- [Activity]: Your copy should start at the line with "Nike Dunk Low" and end at the line with "Brockmans Gin with" in the data below. Transcribe only those lines, exactly, pictures excluded.

- [Record extracts]:

^^^^

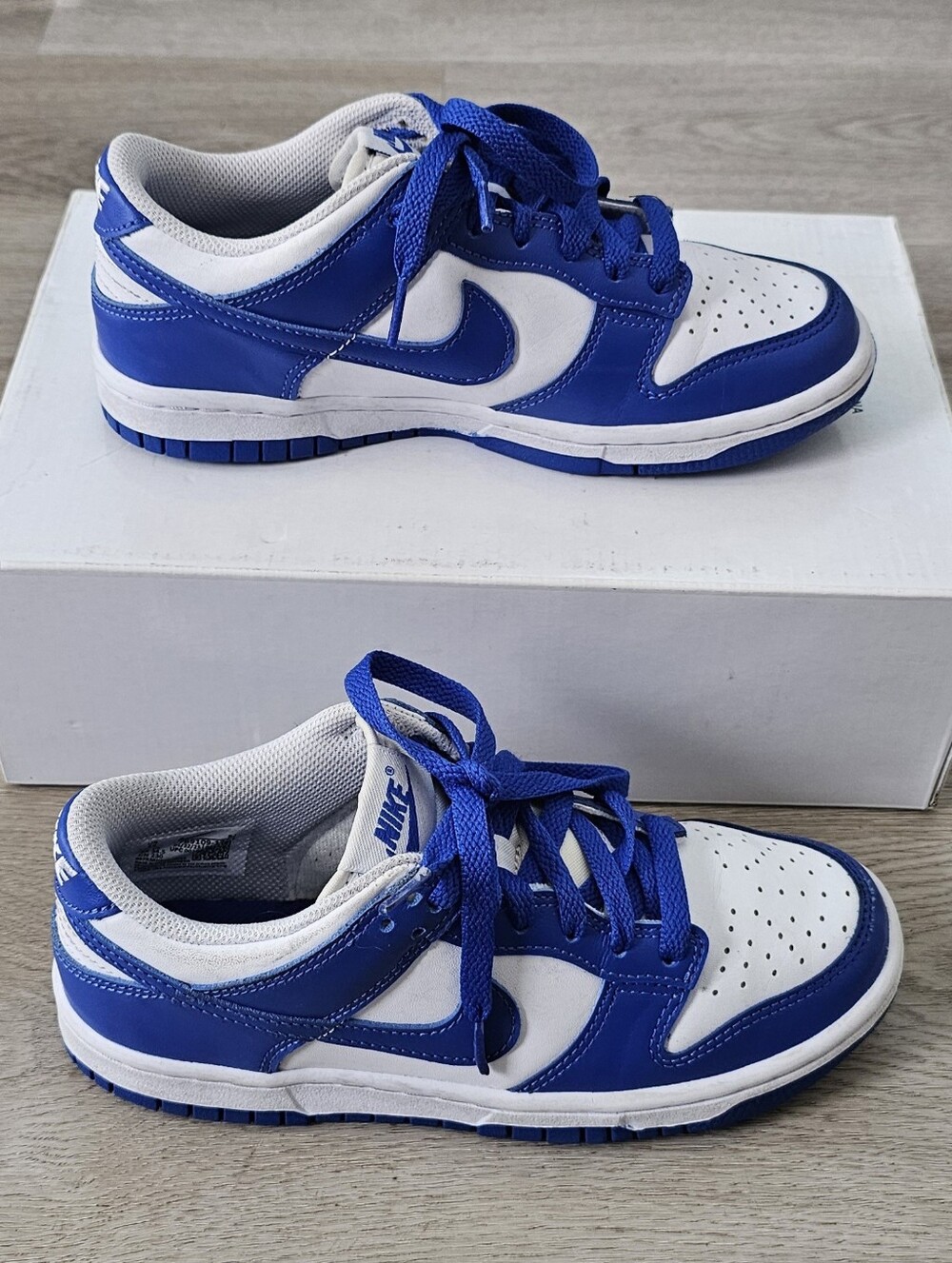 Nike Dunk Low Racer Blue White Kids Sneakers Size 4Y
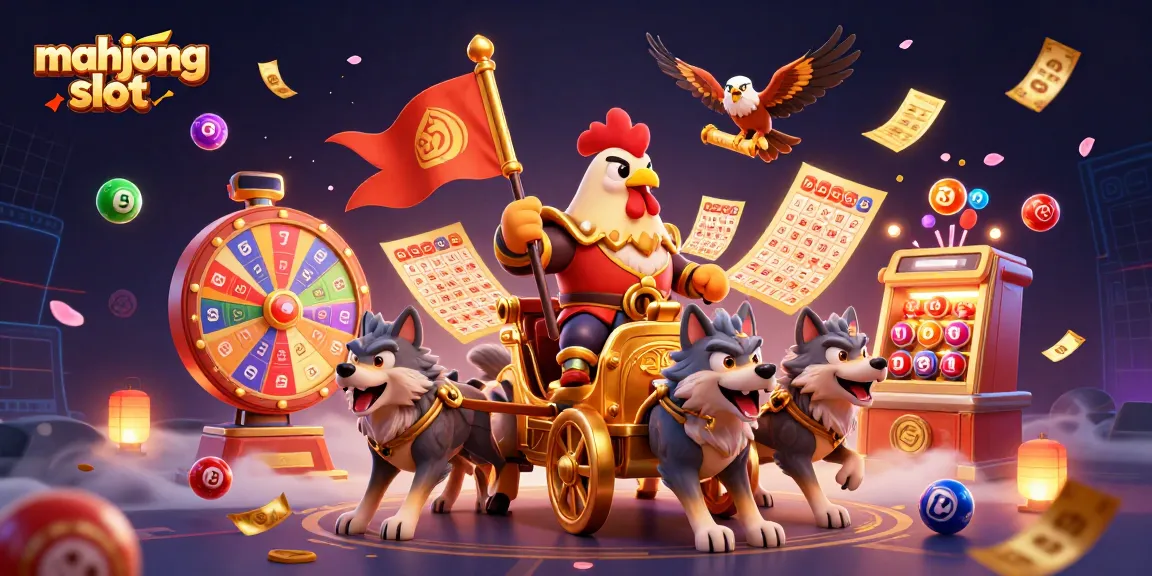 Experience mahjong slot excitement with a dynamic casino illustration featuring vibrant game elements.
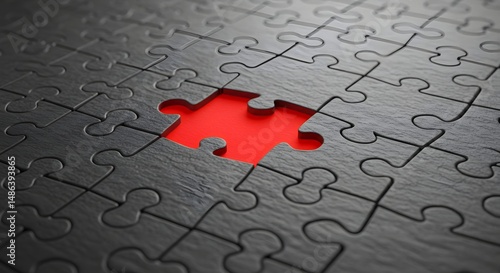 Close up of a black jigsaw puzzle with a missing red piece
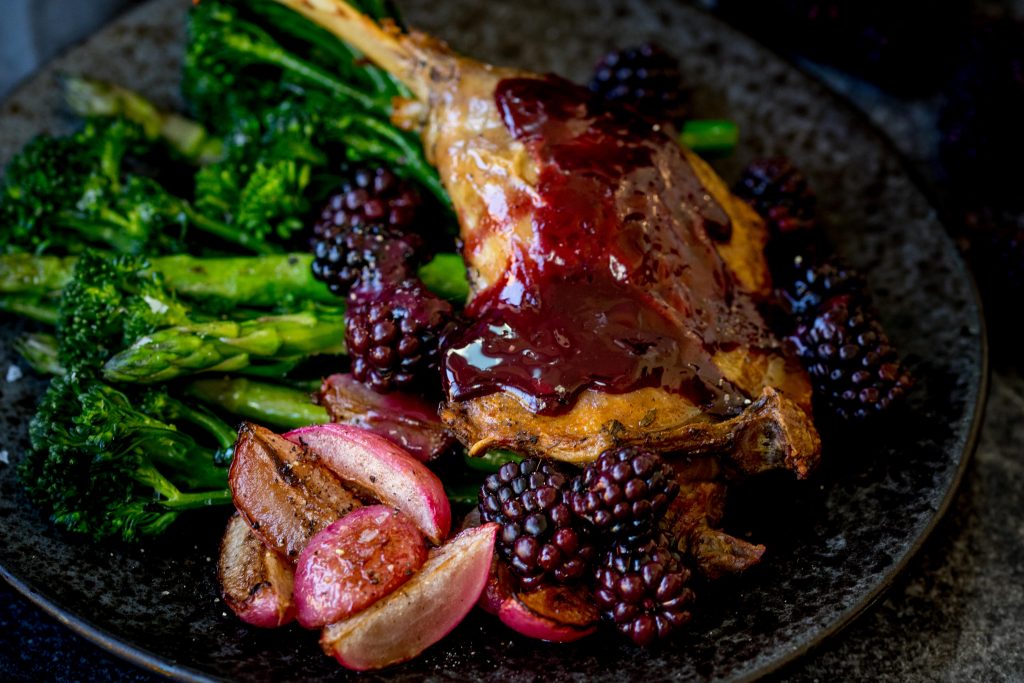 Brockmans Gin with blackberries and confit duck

^^^^

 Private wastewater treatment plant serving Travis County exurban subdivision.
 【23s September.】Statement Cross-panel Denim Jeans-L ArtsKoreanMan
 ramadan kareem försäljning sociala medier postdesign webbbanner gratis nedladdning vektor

^^^^

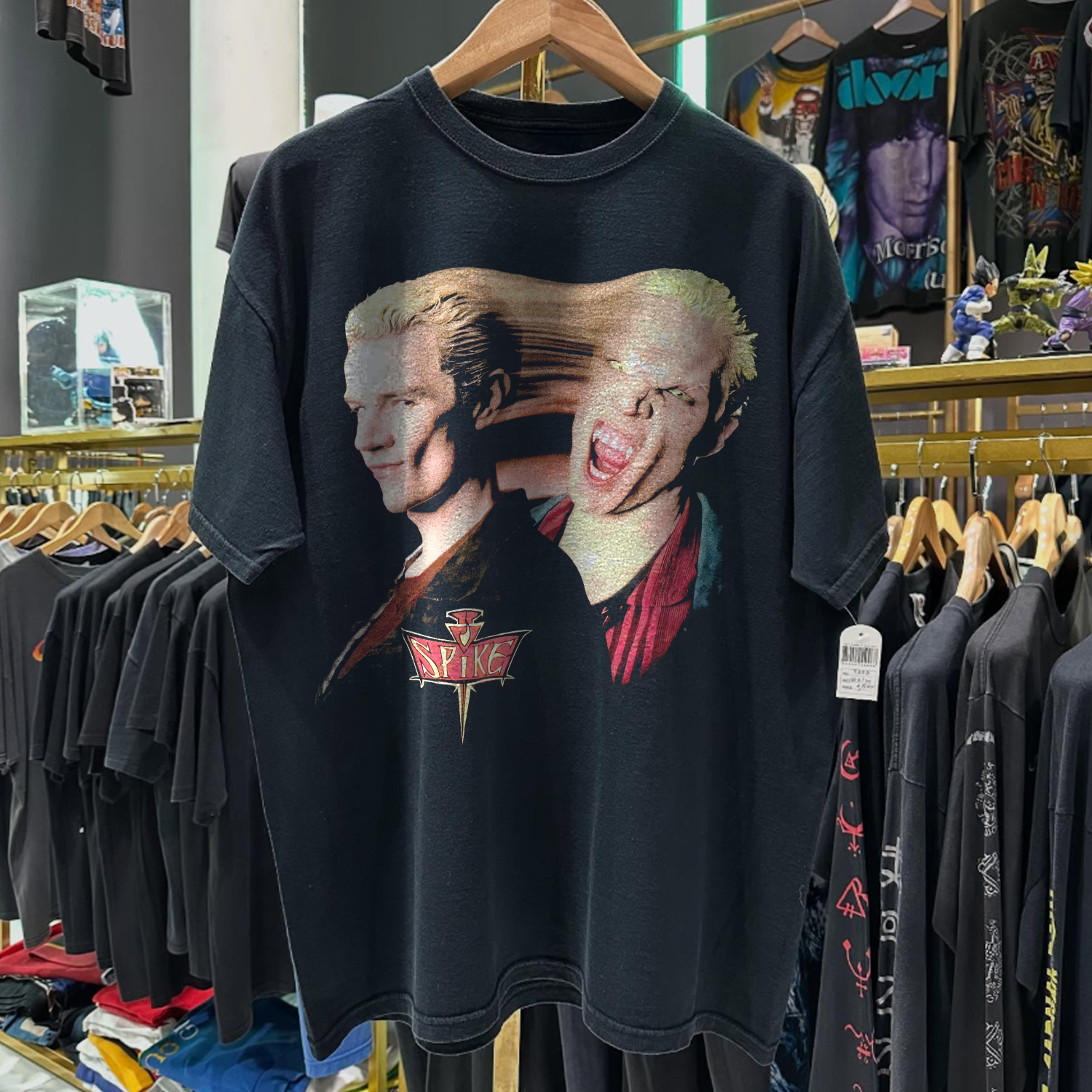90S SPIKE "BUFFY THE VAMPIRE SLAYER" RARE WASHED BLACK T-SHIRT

^^^^

- [Result of the exercise]:
 Nike Dunk Low Racer Blue White Kids Sneakers Size 4Y
 Experience mahjong slot excitement with a dynamic casino illustration featuring vibrant game elements.
 Close up of a black jigsaw puzzle with a missing red piece
 Brockmans Gin with blackberries and confit duck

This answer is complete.